» What to produce: Using the records that follow, reproduce exactly the lines starting at the line containing "If you like it, please" and ending at the line containing "Now we will". Include both end lines and no pictures.

» Data for processing:
>>>

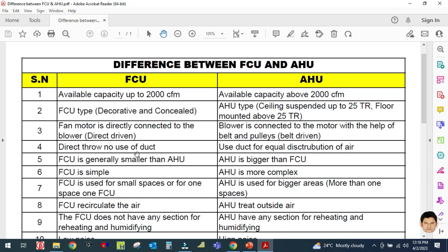The fourth difference is direct throw versus duct use. The fan coil unit can be used directly for direct throw with no use of duct. The AHU is bigger with higher CFM, so ducts are used for distribution of air.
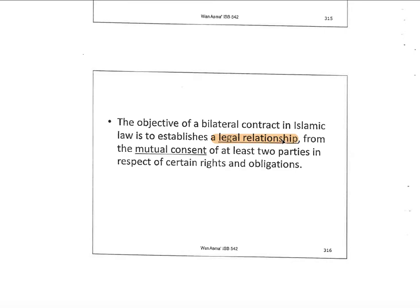The objective of the bilateral concept is to establish a legal relationship. When there are two parties, we are subject to a law that requires both parties to have a mutual concept — meaning both are willing and agree on certain rights and obligations. Rights, for example: when selling, ownership is fully transferred immediately, so the seller cannot claim the buyer must return it. The obligation is to return the book if it was borrowed — not sold — since ownership is fully transferred in a sale, not a loan.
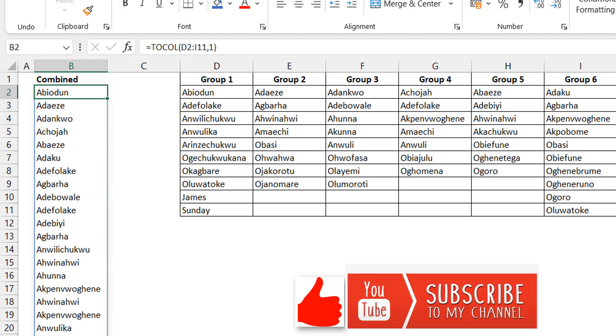If you like it, please hit the like button. You can also subscribe to the channel Excel Moments. For now, I'm out.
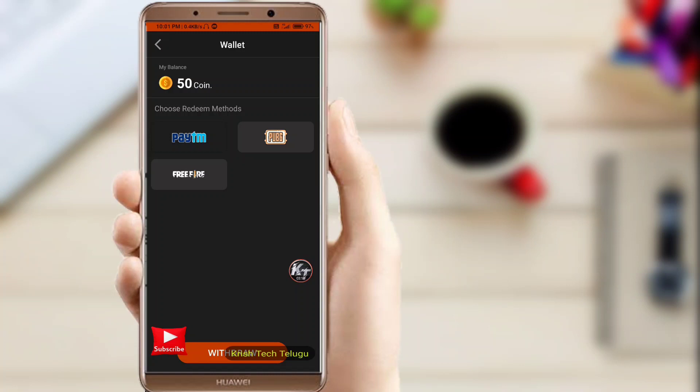If you like this video, subscribe and share it with your friends. You can download the Earning Application — watch the video so you can download the Earning Application.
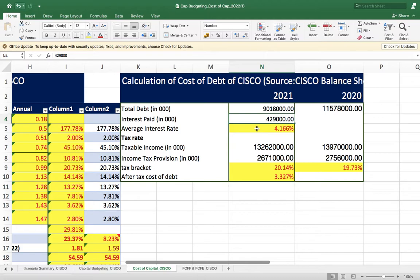Now for calculating cost of debt: interest divided by debt. You might ask — why have I taken debt of 2020 and 2021 but interest only for 2021? It is intentional. When calculating cost of debt for 2021, you cannot take only 2021 debt. Two approaches exist: one is to take the previous year's debt (2020), and the other — which I am using here — is the average of 2020 and 2021 debt.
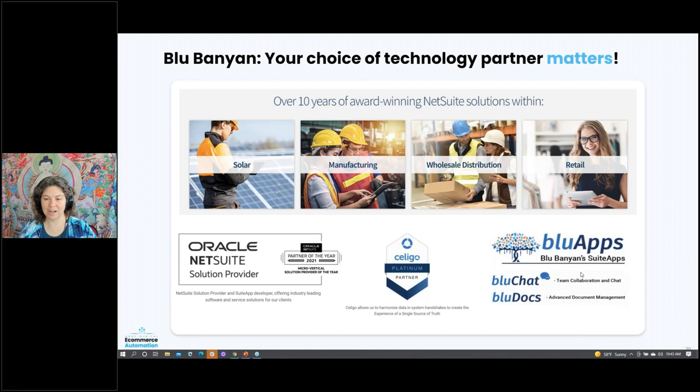I welcome anyone to come talk with Blue Banyan to hear more about how we could partner with you and help out. We are Partner of the Year for our micro-vertical solution, we are a Celigo Platinum provider, and we provide our own apps and develop our own technology as well.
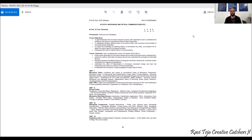Hello everyone, welcome to the course of Microwave and Optical Communications. Up to last year we used to have a subject called Microwave Engineering, but in the latest R18 BTech EC curriculum they have made a few changes and introduced a subject called Microwave and Optical Communication, which includes both microwave engineering as well as the concepts of optical communication. This is specially designed for BTech fourth year first semester students.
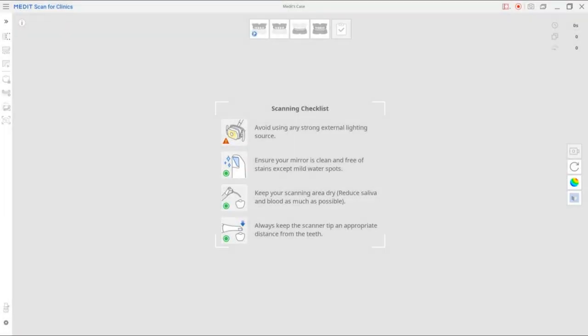In this video, we'll be going over the checklist for intraoral scanning. Good quality scan data requires precautions that are as important as scan strategies.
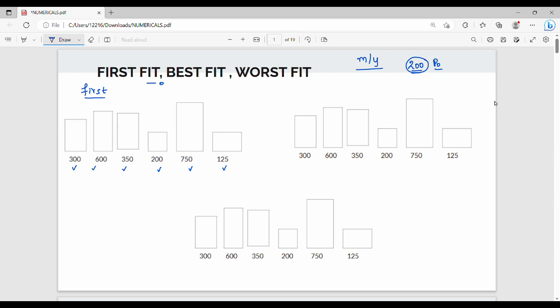So first fit — how do we do it in memory partitions? You scan the partitions left to right and pick the first one that fits. So the first location is 300 KB. First fit is very simple.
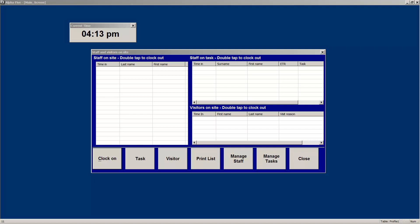This completes this video on an overview of the site emergency evacuation system.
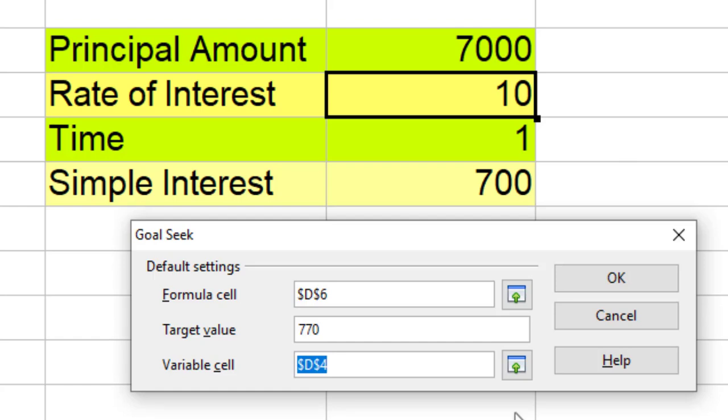So if you look at this window, this means that my formula is in D6 and I want the value in D6 to be 770, and I allow you to change D4. That is rate of interest.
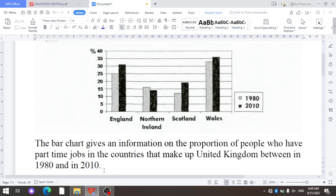Now we will write the second sentence. Remember — while writing the overall part, you should not use percentages or specific years. The percentage is never used in the overall part. For example, writing 'the percentage of workers was 25% in England in 1980' is prohibited in the overall part.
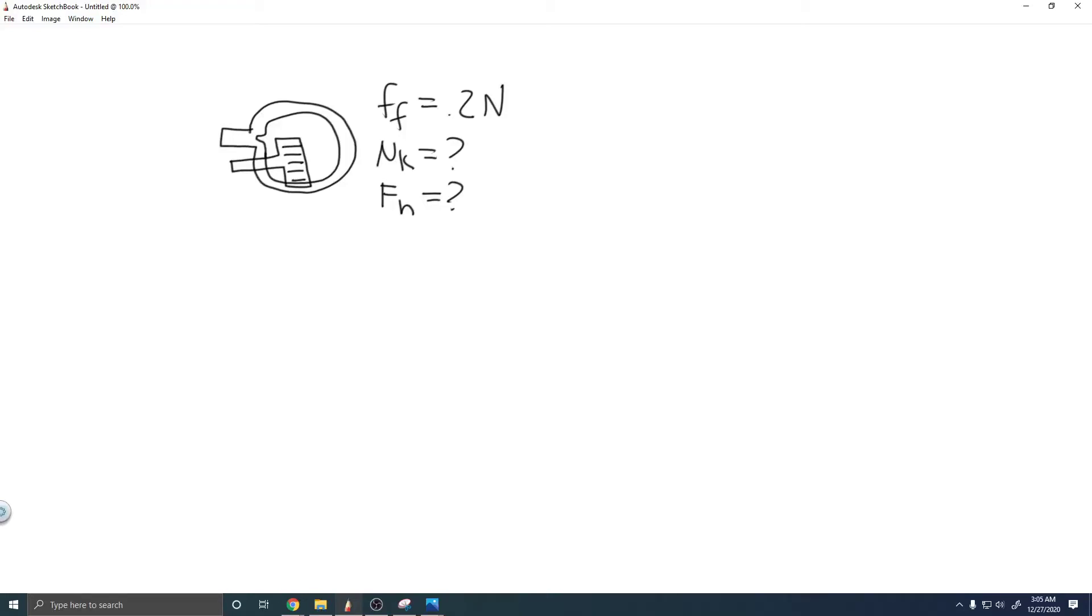In this problem, we're told a physics major is cooking breakfast when he notices that the frictional force between his steel spatula and his Teflon frying pan is only 0.2 newtons. Knowing the coefficient of kinetic friction between the two materials, he quickly calculates the normal force. What is it?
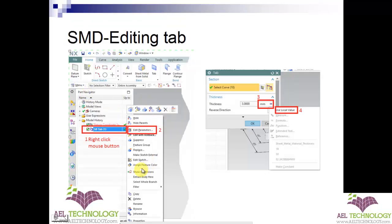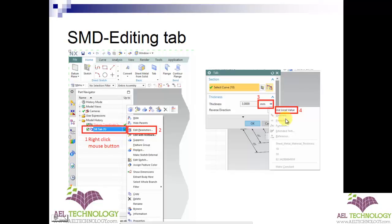Go to the part navigator. Here you can find the feature that is the tab. Right-click the tab and you will get a menu where you need to select 'Edit Parameters.' You will then get a dialog box open. In the right corner of the thickness value, right-click or just click it.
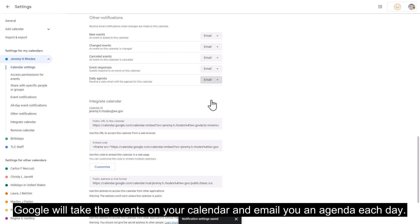Google will take the events on your calendar and email you an agenda each day.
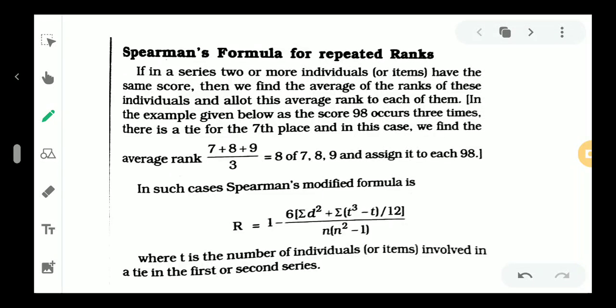Hi everyone, I am Azira. In another video, we discussed Spearman's Formula for Repeated Ranks.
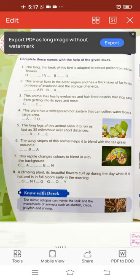Now we come to the eighth one: a climbing plant whose beautiful flowers curl up during the day when it is hot, and is in full bloom early in the morning. The name of this climbing plant is Morning Glory. This flower may be found in many colors like white, red, blue, purple, and yellow. These flowers are seen from May to September. They bloom in the morning and close in the afternoon.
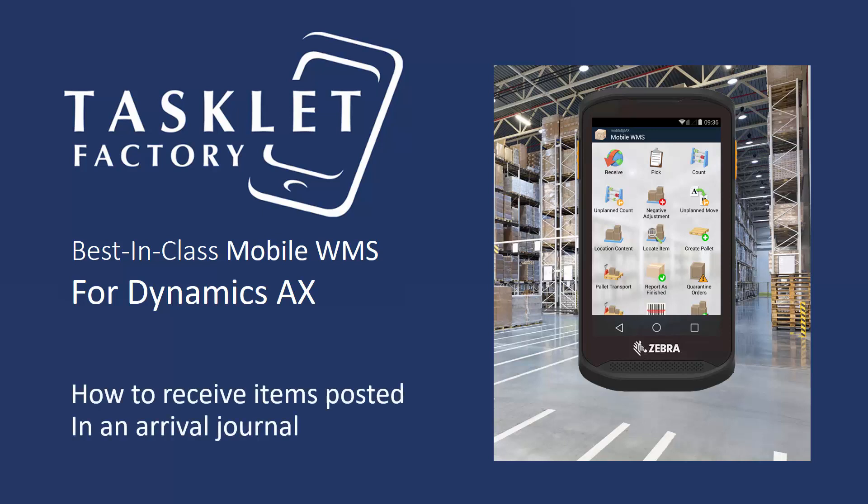In this session, we will show you how to use the Mobile WMS solution for Dynamics AX to receive items posted in an arrival journal. The case in this session deals with a relatively simple process that can be used by many companies with uncomplicated product flow and specifications.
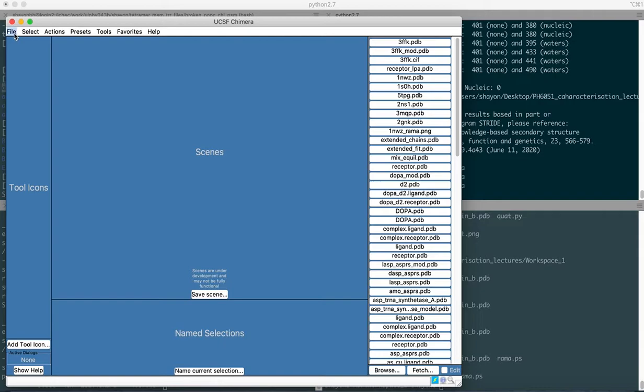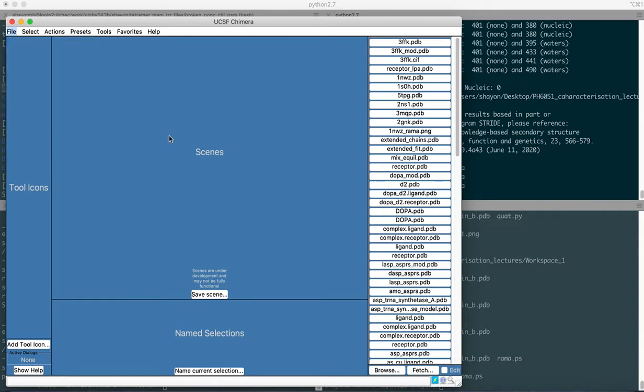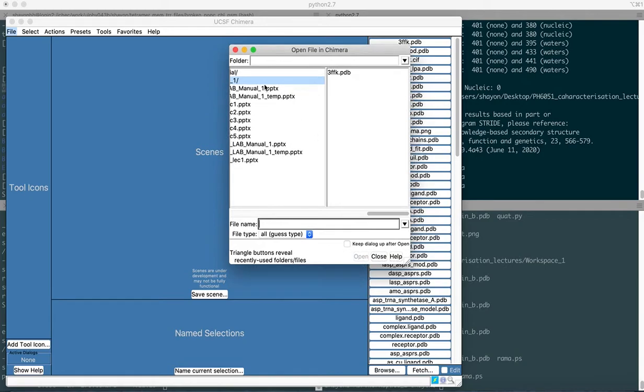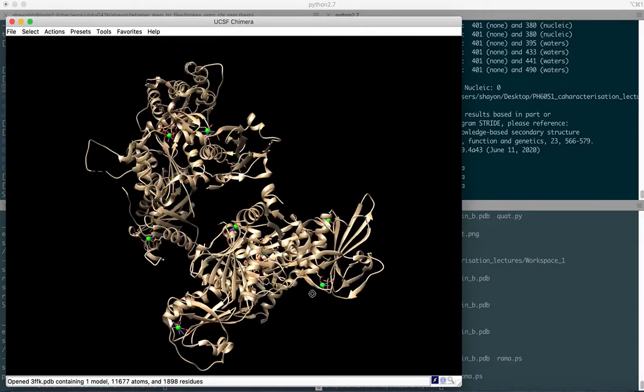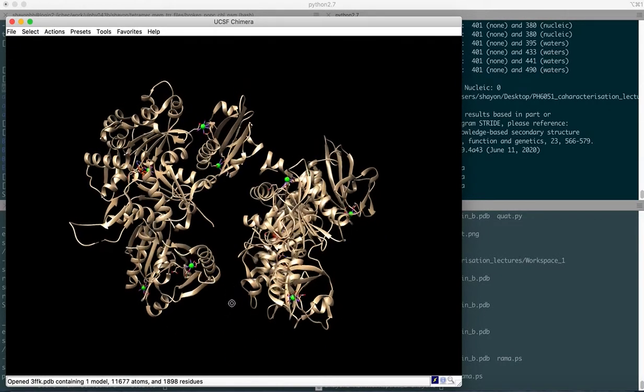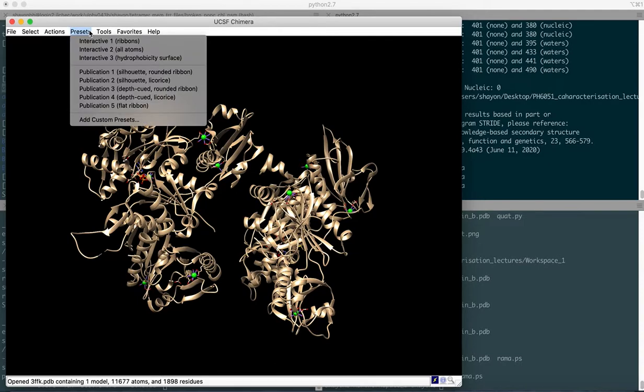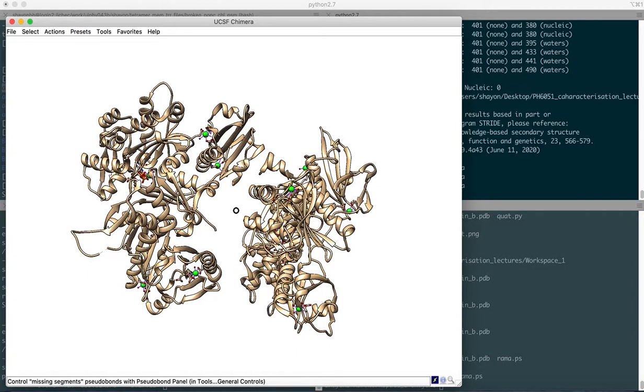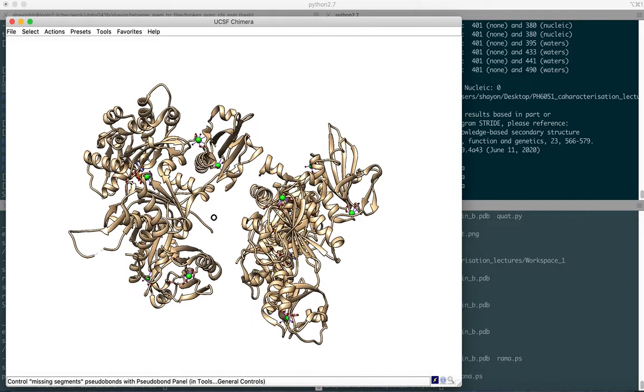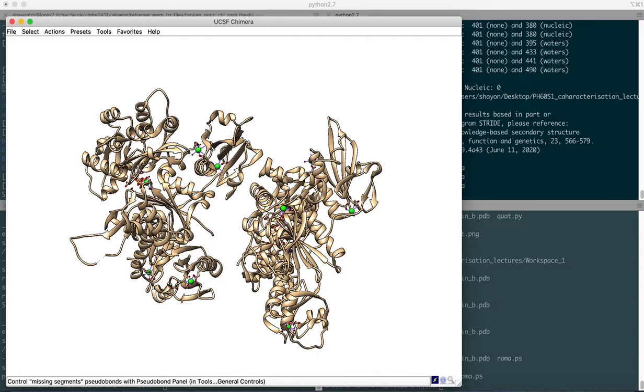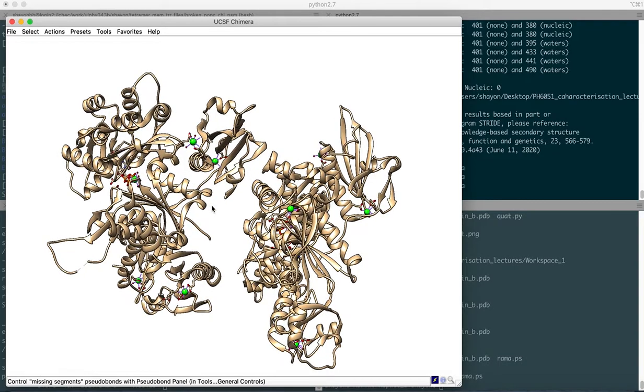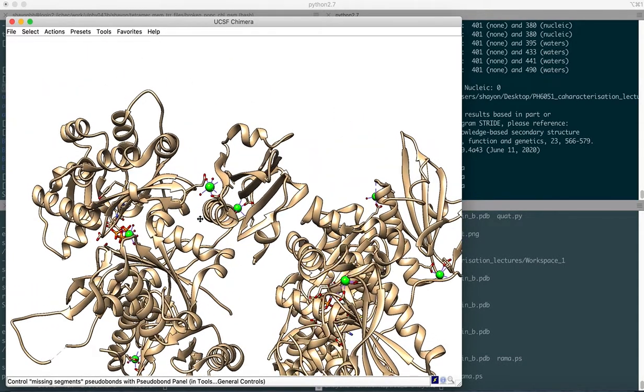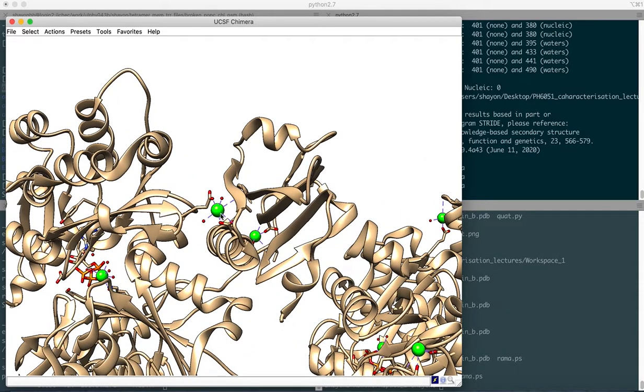First, we'll load up our structure in Chimera, which is the 3FFK molecule PDB ID. I'm already in the working directory and I select 3FFK.PDB and open it. As you might have seen from the previous tutorial, I like the representation with the publication 1 preset template in Chimera. It sets a white background and the ribbon representation is beautifully shown. You also see the separate representations for the calcium ions in lime green color, and if you zoom into it, you'll find that the metal coordination states are already represented.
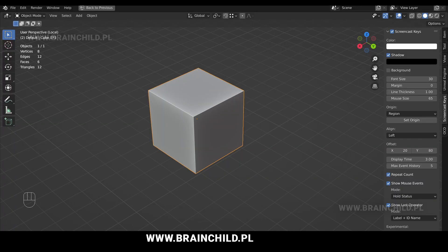Hey, what's going on guys? In today's video I'm going to show you how to create awesome looking wooden planks in a simple low poly style.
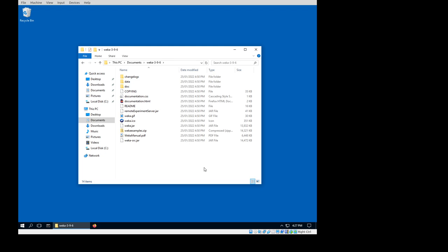All right, I've downloaded Weka 3.9.6, unzipped it, and I'm here in the directory where I have the contents.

<<<

» Written response:
If you like it, please hit the like button. You can also subscribe to the channel Excel Moments. For now, I'm out.
If you like this video, subscribe and share it with your friends. You can download the Earning Application — watch the video so you can download the Earning Application.
Now for calculating cost of debt: interest divided by debt. You might ask — why have I taken debt of 2020 and 2021 but interest only for 2021? It is intentional. When calculating cost of debt for 2021, you cannot take only 2021 debt. Two approaches exist: one is to take the previous year's debt (2020), and the other — which I am using here — is the average of 2020 and 2021 debt.
I welcome anyone to come talk with Blue Banyan to hear more about how we could partner with you and help out. We are Partner of the Year for our micro-vertical solution, we are a Celigo Platinum provider, and we provide our own apps and develop our own technology as well.
Hello everyone, welcome to the course of Microwave and Optical Communications. Up to last year we used to have a subject called Microwave Engineering, but in the latest R18 BTech EC curriculum they have made a few changes and introduced a subject called Microwave and Optical Communication, which includes both microwave engineering as well as the concepts of optical communication. This is specially designed for BTech fourth year first semester students.
In this video, we'll be going over the checklist for intraoral scanning. Good quality scan data requires precautions that are as important as scan strategies.
So first fit — how do we do it in memory partitions? You scan the partitions left to right and pick the first one that fits. So the first location is 300 KB. First fit is very simple.
This completes this video on an overview of the site emergency evacuation system.
So if you look at this window, this means that my formula is in D6 and I want the value in D6 to be 770, and I allow you to change D4. That is rate of interest.
Now we will write the second sentence. Remember — while writing the overall part, you should not use percentages or specific years. The percentage is never used in the overall part. For example, writing 'the percentage of workers was 25% in England in 1980' is prohibited in the overall part.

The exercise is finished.